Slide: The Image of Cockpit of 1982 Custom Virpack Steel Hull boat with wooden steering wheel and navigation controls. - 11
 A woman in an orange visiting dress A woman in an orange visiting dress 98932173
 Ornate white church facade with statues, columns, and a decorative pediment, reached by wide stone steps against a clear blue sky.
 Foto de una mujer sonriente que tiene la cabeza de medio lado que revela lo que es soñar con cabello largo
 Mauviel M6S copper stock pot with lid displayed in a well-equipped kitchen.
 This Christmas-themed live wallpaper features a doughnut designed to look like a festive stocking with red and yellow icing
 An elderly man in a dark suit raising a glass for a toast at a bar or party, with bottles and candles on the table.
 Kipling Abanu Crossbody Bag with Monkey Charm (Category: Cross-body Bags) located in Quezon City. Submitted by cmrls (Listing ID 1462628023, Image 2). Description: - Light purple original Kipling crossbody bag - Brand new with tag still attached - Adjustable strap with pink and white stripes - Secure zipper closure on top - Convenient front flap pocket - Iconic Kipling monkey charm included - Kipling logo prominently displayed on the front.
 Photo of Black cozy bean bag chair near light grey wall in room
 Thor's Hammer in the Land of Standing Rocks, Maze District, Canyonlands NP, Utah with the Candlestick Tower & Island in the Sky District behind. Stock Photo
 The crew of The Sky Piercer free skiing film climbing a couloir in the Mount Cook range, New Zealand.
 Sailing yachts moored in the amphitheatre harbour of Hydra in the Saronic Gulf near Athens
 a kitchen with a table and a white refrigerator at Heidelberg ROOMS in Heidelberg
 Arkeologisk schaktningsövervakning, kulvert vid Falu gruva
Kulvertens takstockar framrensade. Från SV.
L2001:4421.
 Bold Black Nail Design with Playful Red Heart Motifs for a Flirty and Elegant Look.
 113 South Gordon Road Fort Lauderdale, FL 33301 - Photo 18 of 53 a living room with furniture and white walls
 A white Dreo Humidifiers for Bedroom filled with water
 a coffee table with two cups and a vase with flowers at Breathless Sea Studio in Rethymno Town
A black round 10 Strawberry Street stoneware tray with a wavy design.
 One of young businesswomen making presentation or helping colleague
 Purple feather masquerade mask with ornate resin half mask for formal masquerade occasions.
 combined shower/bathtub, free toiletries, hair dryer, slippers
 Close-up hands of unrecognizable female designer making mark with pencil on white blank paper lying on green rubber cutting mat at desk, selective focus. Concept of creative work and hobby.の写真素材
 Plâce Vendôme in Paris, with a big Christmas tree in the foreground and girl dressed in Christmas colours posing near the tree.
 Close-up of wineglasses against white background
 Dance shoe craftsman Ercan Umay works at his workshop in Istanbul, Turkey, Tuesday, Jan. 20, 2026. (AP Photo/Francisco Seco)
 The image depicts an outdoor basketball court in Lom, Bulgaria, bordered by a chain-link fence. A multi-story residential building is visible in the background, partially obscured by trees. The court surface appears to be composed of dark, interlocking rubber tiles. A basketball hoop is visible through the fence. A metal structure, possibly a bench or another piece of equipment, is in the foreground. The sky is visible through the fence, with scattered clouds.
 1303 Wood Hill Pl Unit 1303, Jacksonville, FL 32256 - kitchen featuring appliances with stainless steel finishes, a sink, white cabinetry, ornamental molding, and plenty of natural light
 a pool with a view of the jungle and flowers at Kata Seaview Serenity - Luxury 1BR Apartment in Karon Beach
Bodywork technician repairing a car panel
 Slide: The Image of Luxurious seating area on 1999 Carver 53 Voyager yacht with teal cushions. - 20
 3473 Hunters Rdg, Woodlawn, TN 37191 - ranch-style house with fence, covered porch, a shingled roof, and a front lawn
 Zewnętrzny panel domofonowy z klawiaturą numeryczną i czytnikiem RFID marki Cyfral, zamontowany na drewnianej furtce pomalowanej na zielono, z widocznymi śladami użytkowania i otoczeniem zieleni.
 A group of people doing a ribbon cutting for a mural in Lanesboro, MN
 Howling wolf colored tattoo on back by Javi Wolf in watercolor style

WORK TO COMPLETE: Output each line of the material exactly, keeping every word as it appears.

TASK SOLUTION:
Slide: The Image of Cockpit of 1982 Custom Virpack Steel Hull boat with wooden steering wheel and navigation controls. - 11
 A woman in an orange visiting dress A woman in an orange visiting dress 98932173
 Ornate white church facade with statues, columns, and a decorative pediment, reached by wide stone steps against a clear blue sky.
 Foto de una mujer sonriente que tiene la cabeza de medio lado que revela lo que es soñar con cabello largo
 Mauviel M6S copper stock pot with lid displayed in a well-equipped kitchen.
 This Christmas-themed live wallpaper features a doughnut designed to look like a festive stocking with red and yellow icing
 An elderly man in a dark suit raising a glass for a toast at a bar or party, with bottles and candles on the table.
 Kipling Abanu Crossbody Bag with Monkey Charm (Category: Cross-body Bags) located in Quezon City. Submitted by cmrls (Listing ID 1462628023, Image 2). Description: - Light purple original Kipling crossbody bag - Brand new with tag still attached - Adjustable strap with pink and white stripes - Secure zipper closure on top - Convenient front flap pocket - Iconic Kipling monkey charm included - Kipling logo prominently displayed on the front.
 Photo of Black cozy bean bag chair near light grey wall in room
 Thor's Hammer in the Land of Standing Rocks, Maze District, Canyonlands NP, Utah with the Candlestick Tower & Island in the Sky District behind. Stock Photo
 The crew of The Sky Piercer free skiing film climbing a couloir in the Mount Cook range, New Zealand.
 Sailing yachts moored in the amphitheatre harbour of Hydra in the Saronic Gulf near Athens
 a kitchen with a table and a white refrigerator at Heidelberg ROOMS in Heidelberg
 Arkeologisk schaktningsövervakning, kulvert vid Falu gruva
Kulvertens takstockar framrensade. Från SV.
L2001:4421.
 Bold Black Nail Design with Playful Red Heart Motifs for a Flirty and Elegant Look.
 113 South Gordon Road Fort Lauderdale, FL 33301 - Photo 18 of 53 a living room with furniture and white walls
 A white Dreo Humidifiers for Bedroom filled with water
 a coffee table with two cups and a vase with flowers at Breathless Sea Studio in Rethymno Town
A black round 10 Strawberry Street stoneware tray with a wavy design.
 One of young businesswomen making presentation or helping colleague
 Purple feather masquerade mask with ornate resin half mask for formal masquerade occasions.
 combined shower/bathtub, free toiletries, hair dryer, slippers
 Close-up hands of unrecognizable female designer making mark with pencil on white blank paper lying on green rubber cutting mat at desk, selective focus. Concept of creative work and hobby.の写真素材
 Plâce Vendôme in Paris, with a big Christmas tree in the foreground and girl dressed in Christmas colours posing near the tree.
 Close-up of wineglasses against white background
 Dance shoe craftsman Ercan Umay works at his workshop in Istanbul, Turkey, Tuesday, Jan. 20, 2026. (AP Photo/Francisco Seco)
 The image depicts an outdoor basketball court in Lom, Bulgaria, bordered by a chain-link fence. A multi-story residential building is visible in the background, partially obscured by trees. The court surface appears to be composed of dark, interlocking rubber tiles. A basketball hoop is visible through the fence. A metal structure, possibly a bench or another piece of equipment, is in the foreground. The sky is visible through the fence, with scattered clouds.
 1303 Wood Hill Pl Unit 1303, Jacksonville, FL 32256 - kitchen featuring appliances with stainless steel finishes, a sink, white cabinetry, ornamental molding, and plenty of natural light
 a pool with a view of the jungle and flowers at Kata Seaview Serenity - Luxury 1BR Apartment in Karon Beach
Bodywork technician repairing a car panel
 Slide: The Image of Luxurious seating area on 1999 Carver 53 Voyager yacht with teal cushions. - 20
 3473 Hunters Rdg, Woodlawn, TN 37191 - ranch-style house with fence, covered porch, a shingled roof, and a front lawn
 Zewnętrzny panel domofonowy z klawiaturą numeryczną i czytnikiem RFID marki Cyfral, zamontowany na drewnianej furtce pomalowanej na zielono, z widocznymi śladami użytkowania i otoczeniem zieleni.
 A group of people doing a ribbon cutting for a mural in Lanesboro, MN
 Howling wolf colored tattoo on back by Javi Wolf in watercolor style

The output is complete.